The GDY rented a small office in Washington DC within walking distance of the new War Department Building, the headquarters for all lumber purchases by the U.S. Army Engineers.
Georgia Hardwood shipped 5,000,000 feet, about 150 carloads, into the distribution yards, forty-two of the seventy LMC yards, the first month but the lumber didn't move. Either they had hit a low spot or the GDY was being shut out. It was a catastrophe. There wasn't a single order that first month and forty-two LMC dealers were sitting on $200,000 worth of lumber!
Luck changed, and soon orders were flowing in as fast as they could be shipped.
The relationship with Georgia Hardwood was very good. They were producing excellent lumber and LMC received very few complaints on the 80,000,000 feet that had been shipped.
By November 1942, GDY was well accepted. The distribution yards were practically the only source for available board for immediate shipment. Stock was being shipped into the yards at a rate of 7-10,000,000 feet per month and the yards were fulfilling orders within twenty-four hours including Saturdays, Sundays and holidays.
On New Year's Day, 1943, GDY got an order around 5:00 am. That order had to be in Chester, PA by 6:00 am the following day or a convoy would be held up.

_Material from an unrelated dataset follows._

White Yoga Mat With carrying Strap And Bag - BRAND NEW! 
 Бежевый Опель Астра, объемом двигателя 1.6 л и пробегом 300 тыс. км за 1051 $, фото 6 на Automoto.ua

The U.S. Army Engineers agreed to have cars placed wherever they were needed in order to expedite the shipment. The nearest dealers where Brosius and Smedley in Wilmington, DE; Shanaman in Phoenixville, Pa and Wolf in York, Pa. The empty rail cars were delivered to these locations by individual locomotives, loaded and shipped. All by 6:00 am!
By 1943 the push had ended and on August 1, 1943, Georgia Distribution Yards, Inc. was terminated. While only short-lived, GDY accomplished the following:
- 80,000,000 feet of lumber had been shipped in and out of forty-two yards over a period of 10 months.
- A great contribution had been made to the war effort by supplying immediate lumber shipments on an emergency basis.
- It had greatly helped forty-two LMC dealers over a very critical period. Kept their organizations together and gave them some real stature in their communities, as well as a pretty fair inventory of hard-to-get lumber when it was all over.
LMC has gone through many changes since the original thirty-five got together in 1935. That first year the volume was almost $600,000. Today, there are over 365 stockholder companies and annual sales volume exceeds two and a half billion dollars.